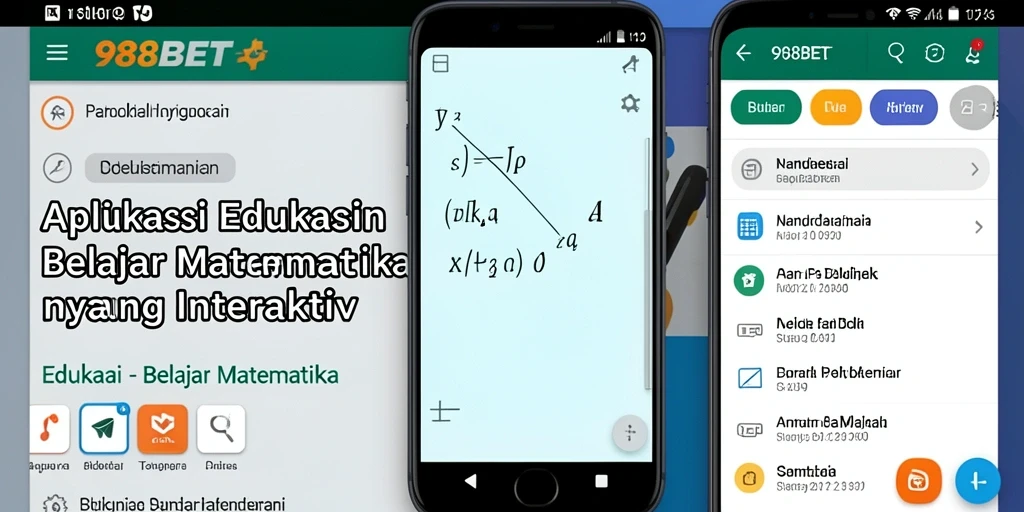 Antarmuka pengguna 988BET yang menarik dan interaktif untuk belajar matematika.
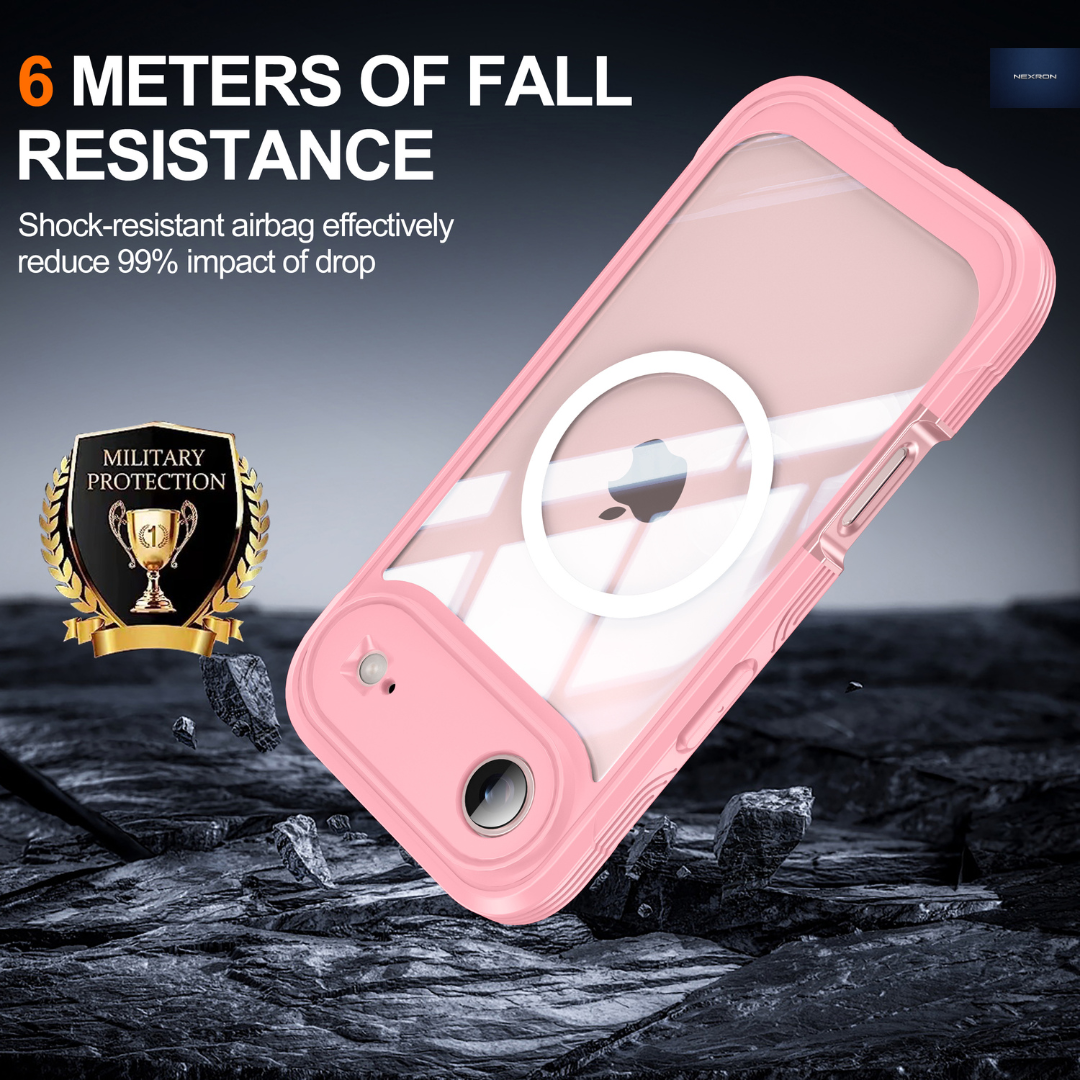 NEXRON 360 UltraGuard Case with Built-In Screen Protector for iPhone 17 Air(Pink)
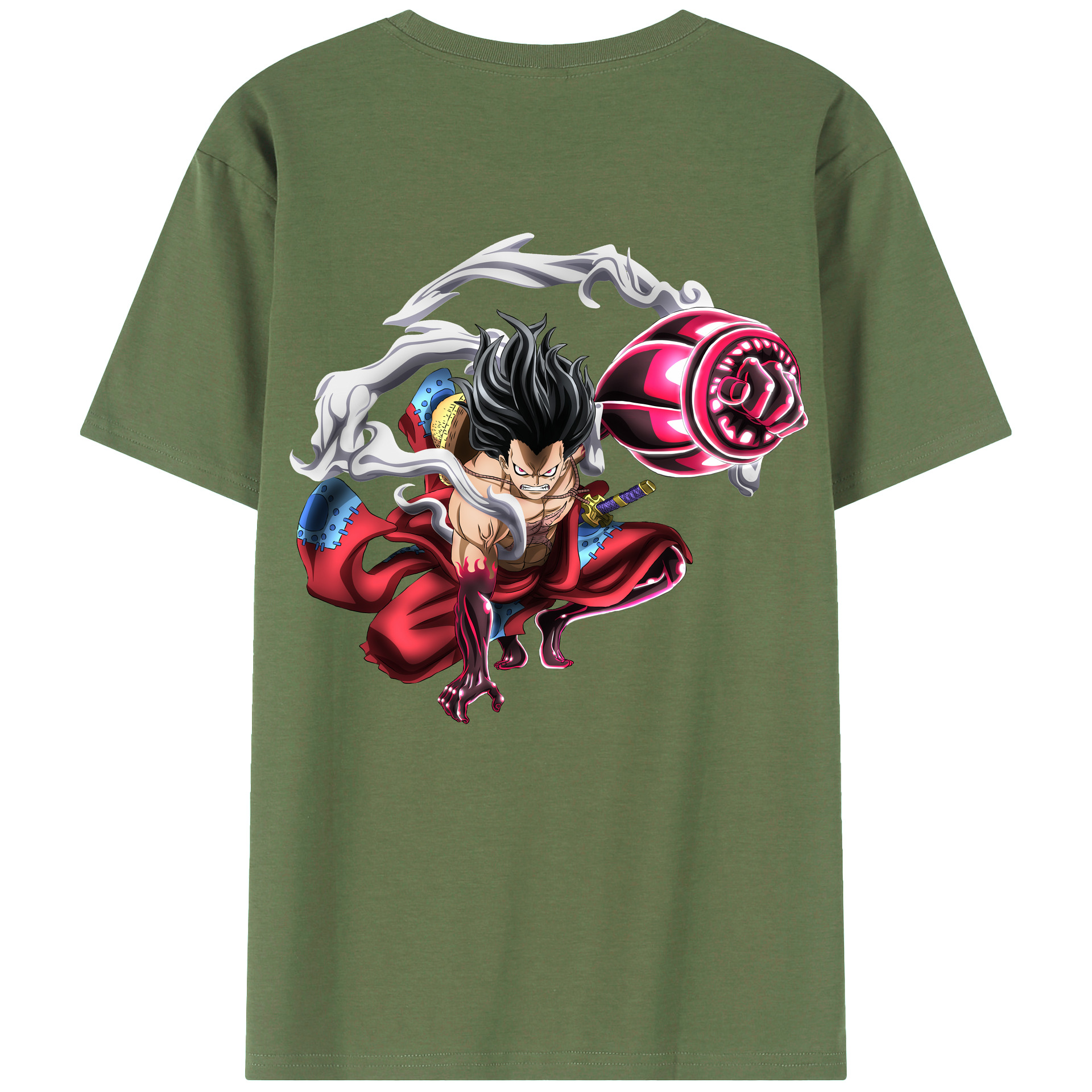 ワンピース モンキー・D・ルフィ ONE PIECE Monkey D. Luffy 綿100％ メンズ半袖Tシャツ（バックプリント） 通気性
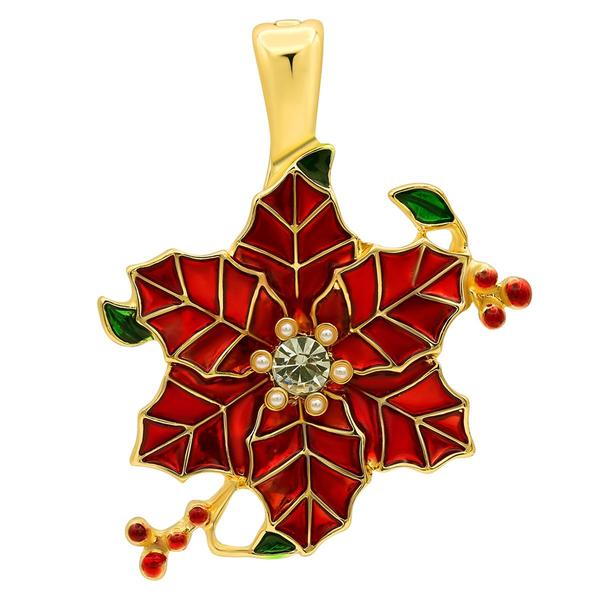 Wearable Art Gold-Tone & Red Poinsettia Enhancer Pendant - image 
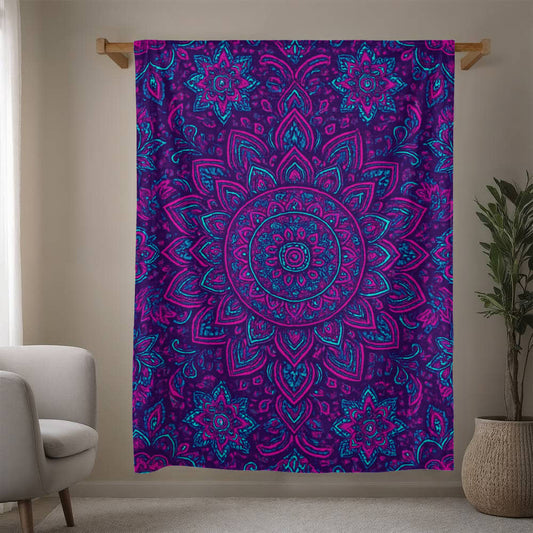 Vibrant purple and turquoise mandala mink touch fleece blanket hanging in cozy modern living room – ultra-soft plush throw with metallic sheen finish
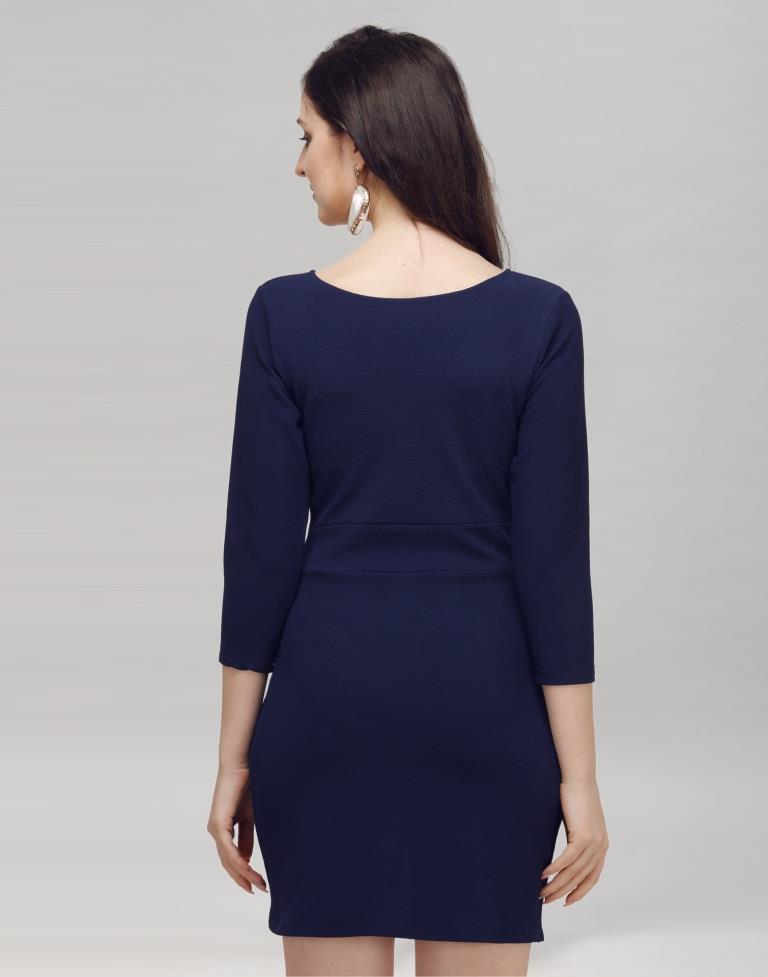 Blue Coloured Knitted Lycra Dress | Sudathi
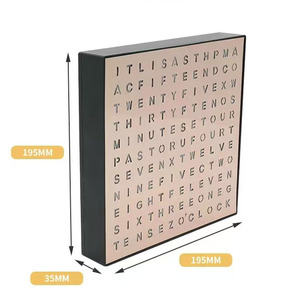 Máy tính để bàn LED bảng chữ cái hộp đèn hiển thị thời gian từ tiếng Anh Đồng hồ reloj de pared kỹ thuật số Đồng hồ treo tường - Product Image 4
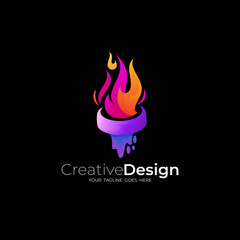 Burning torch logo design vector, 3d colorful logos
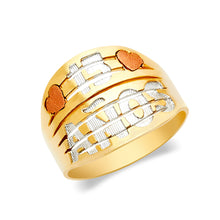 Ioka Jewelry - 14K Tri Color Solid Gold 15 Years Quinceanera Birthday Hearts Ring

*****

## Description of the task
Reproduce exactly the line containing "Vibrant purple and" and every line after it in the material above, up to and including the last. Exclude all pictures.

## Task output
 Vibrant purple and turquoise mandala mink touch fleece blanket hanging in cozy modern living room – ultra-soft plush throw with metallic sheen finish
 Blue Coloured Knitted Lycra Dress | Sudathi
 Máy tính để bàn LED bảng chữ cái hộp đèn hiển thị thời gian từ tiếng Anh Đồng hồ reloj de pared kỹ thuật số Đồng hồ treo tường - Product Image 4
 Burning torch logo design vector, 3d colorful logos
 Ioka Jewelry - 14K Tri Color Solid Gold 15 Years Quinceanera Birthday Hearts Ring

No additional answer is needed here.